The Jenu Kuruba community, a traditional honey gathering tribe, is among the original inhabitants of the forests of the Western Ghats that stretch over three states – Karnataka, Kerala and Tamil Nadu. Majority of the Jenu Kurubas are from Karnataka and post 1970s, they are relocated around Nagarhole and Bandipur forests to enable tiger conservation project.

"Initially, our songs were about how badly we were treated by the government. We were seething with rage – we were not only ripped away from the Nagarhole forest – our home for generations – but we were also denied the rights to the land where we were relocated," said Ramesh.

His family was among those 74 families relocated to Nanachi Gadde Hadi, one of the Jenu Kuruba settlements on the periphery of Nagarhole forest in the Coorg district.

"We were not allowed anything here – we could not cultivate nor build pucca houses; we still don't have access to proper water or electricity," added Ramesh.

At Nanachi Gadde Hadi, home to Ramesh and his band mates – about 15 of them at present, including four women singers – ‘development’ is yet to make inroads.

Everything is introduced with huge fan fare, said the musicians, pointing to the few solar panels installed by the government and the foundation stone promising tapped water. But it is never followed through, they added.

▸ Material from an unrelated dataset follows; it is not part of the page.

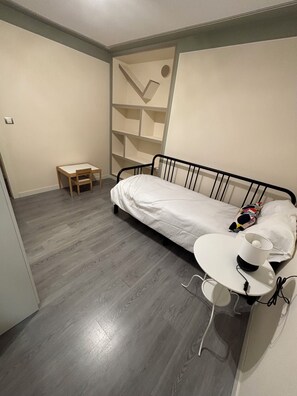 3 dormitorios, tabla de planchar con plancha, wifi y ropa de cama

In the last 20 years, nothing really changed for Ramesh in many ways – just like him, his children are now trying to cram the books under the flickering light of petromax lamps. Just like him, more attuned to instinctive learning they too are struggling to cope up with the demands of the modern education system, which leans more towards rote learning.

Ramesh managed till Class VIII and his eldest son, 22-year-old Udaya, who plays ‘bidru kotta’ (a bamboo percussive instrument) for the band, dropped out of school after Class X – as is the case with most his age.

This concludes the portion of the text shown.